Every website wants to be indexed or scraped by search engines. To make sure a website gets indexed, many companies clearly indicate which pages their website contains to make it easier for Google to crawl them. This can be done with robots.txt and sitemap.XML files. Thanks to these files you’re able to index your own website and define all your URLs. By determining the pages that are important for your Search Engine Optimization, you’ll push Google in the right direction.
With a robots.txt file or Robots Exclusion Protocol, you can configure which pages Google may or may not index. In short, you give Google instructions on how to crawl your site. You can find the robots.txt file of a website by looking for: domain/txt for example https://www.bol.com/robots.txt.
Nail down how much time there should be between scraping actions
A company is not okay with a single computer suddenly making 15,000 site visits in a few minutes. That's why they indicate in their robots.txt file how many seconds there should be between the automated website visits. To give you an idea, at Bol.com this is a delay of 20 seconds.
Since SEO is so important to many companies, they want to be actively indexed by Google, just think of web shops for example. In this way, they (unconsciously) also open their doors to other data miners. To prevent their site from crashing, they tell scrapers how to deal with the indexation of their website.
Apply specific restrictions to search engine bots
URLs that direct to customer shopping baskets or personalization are restricted for search engines. For each “user agent”, i.e. per search engine bot, a website or company can indicate which URLs may or may not be indexed. All other bots are (in most cases) not allowed to crawl. This is the case with LinkedIn for example. Only the defined bots are allowed to index them. Sometimes other bots are given the opportunity to apply for crawling.
Please note that robots.txt files aren’t binding. Search engines are in theory not obliged to comply with your provisions.
To understand this better, we created a metaphor: your robots.txt file is a ski slope. It tells you where to ski and what to expect on a piste, but there is no one stopping you from skiing off-piste. Search engines can also index pages without following the right ski slopes.
The robots.txt document also tells you where to find the sitemap.XML, read more about this below.

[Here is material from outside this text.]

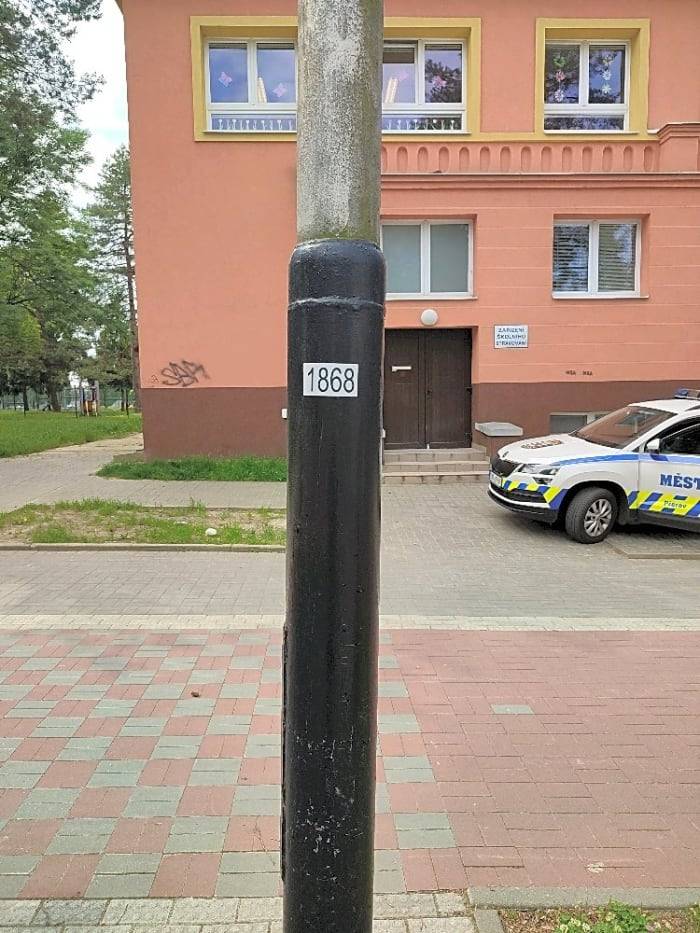 Závady odstraněna, dvířka zajištěny.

With a sitemap.XML you list all the URLs you have, with their associated metadata. For each URL, you're able to see when a product was last updated and how important certain pages (URLs) are for a website. For example, bestsellers have a higher priority to be indexed, which is quite important if you offer 20,000,000 products like Bol.com. Search engines can use this information to crawl websites in a more targeted way.